Rest assured, the state of Maine holds that it is perfectly okay for you to be a Catholic, provided you don’t teach children to believe in Catholic doctrine. Same with being a Protestant, a Jew, or a Muslim.
A strange split exists in the law concerning the difference between having the status or label of being an adherent to a religion and being so bold as to teach the tenets of that religion. A pair of Catholic and Protestant parents in Maine, David and Amy Carson and Troy and Angela Nelson, are petitioning the Supreme Court to resolve a split in the law and the philosophical mess that is Maine’s treatment of religious schools.
In 2020, it seemed as if recurring state discrimination against religious schools was finally going to be recognized as the constitutional violation it is. In Espinoza v. Montana Department of Revenue, the Supreme Court held that a state may not exclude families and schools from participating in a student-aid program because of a school’s religious status. Maine, in administering its tuition assistance program, agreed that it could not deny tuition benefits to students on the basis of their school’s status, but they could – and did – deny these benefits from schools that provide religious instruction.
Got that? Maine does not discriminate on the basis of religious labels but does discriminate on the basis of what those labels mean in practice.
The First Circuit Court of Appeals upheld the Maine law, agreeing that it is permissible to withhold tuition assistance from a school that, “in addition to teaching academic subjects, promotes the faith or belief system with which it is associated …” Christian schools could, presumably, qualify for the tuition assistance program provided they jettison any mention of Christ, the Bible, and any moment of the day dedicated to prayer.
It is easy to see why the Supreme Court has granted the petition and will hear this case. The Sixth and Tenth Circuits have held such exclusions to be unconstitutional, while the Vermont Supreme Court has upheld them.
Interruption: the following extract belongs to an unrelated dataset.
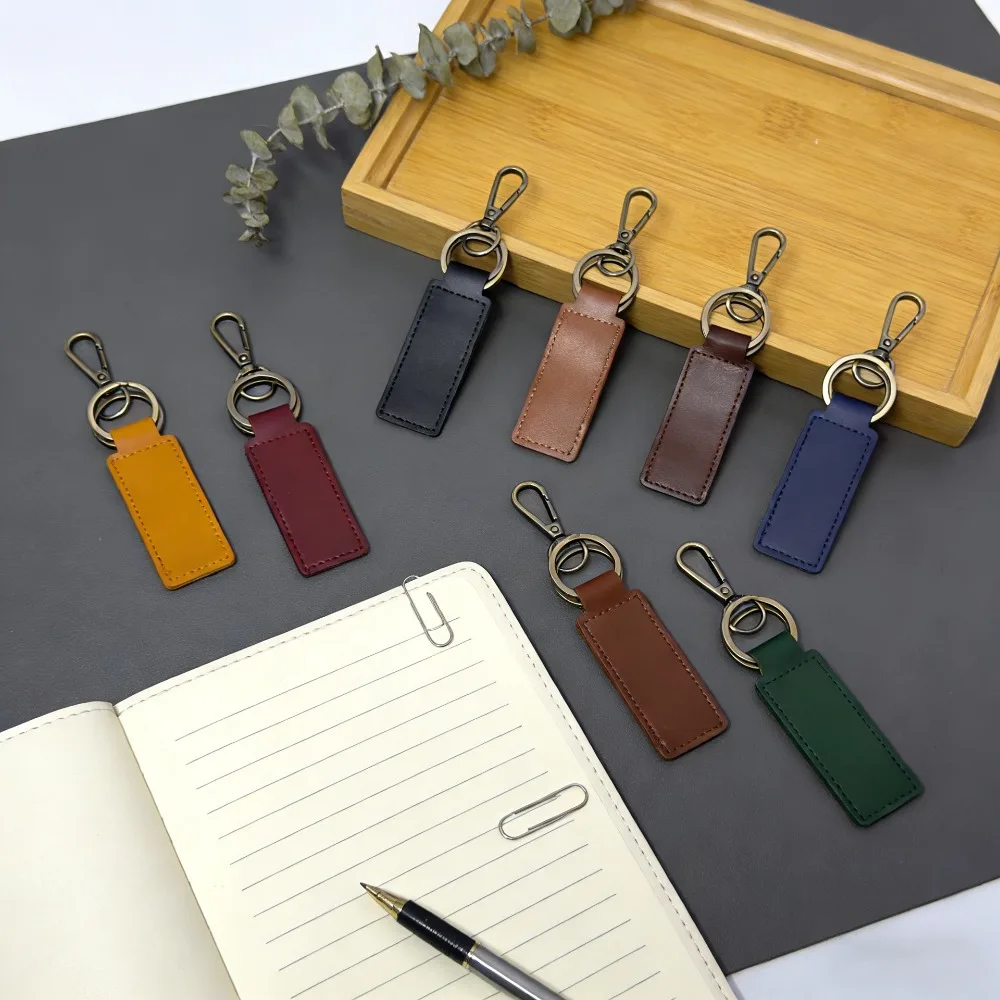 

Men's and Women's Crazy Horse Leather Keychains Creative Gifts Retro Cowhide Leather Manual Car Keychain Handmade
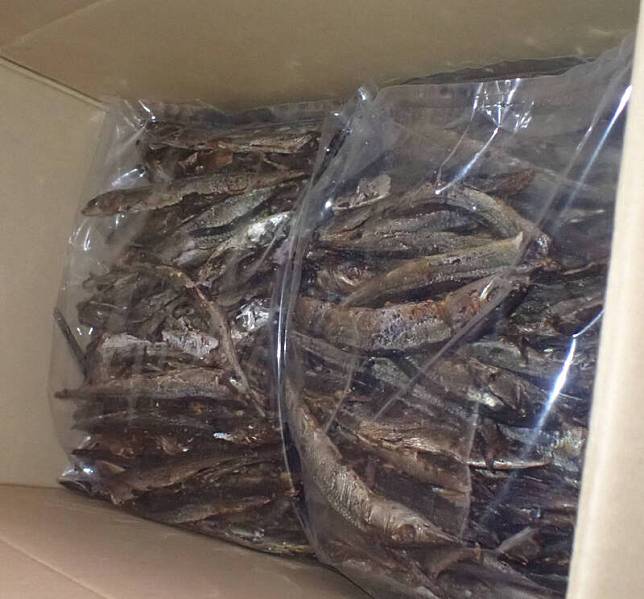 食藥署公布最新邊境檢驗不合格名單，其中一批自日本進口的秋刀魚乾遭檢出一級致癌物「苯(a)駢芘」每公斤達80.6微克，超標近40倍。(食藥署提供)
This split, which preceded Espinoza, survives it since Espinoza revolved around religious “status.”
“Only the Supreme Court can resolve this split, whether there is a constitutionally significant difference between discrimination based on ‘religious status’ and discrimination based on ‘religious use,’” said Gene Schaerr, general counsel of Protect The 1st. “The attempt to distinguish between religious status and religious practice is absurd and betrays official contempt toward faith. For the Supreme Court, the conclusion here should be, in baseball terms, a slow ball down the middle of the plate.”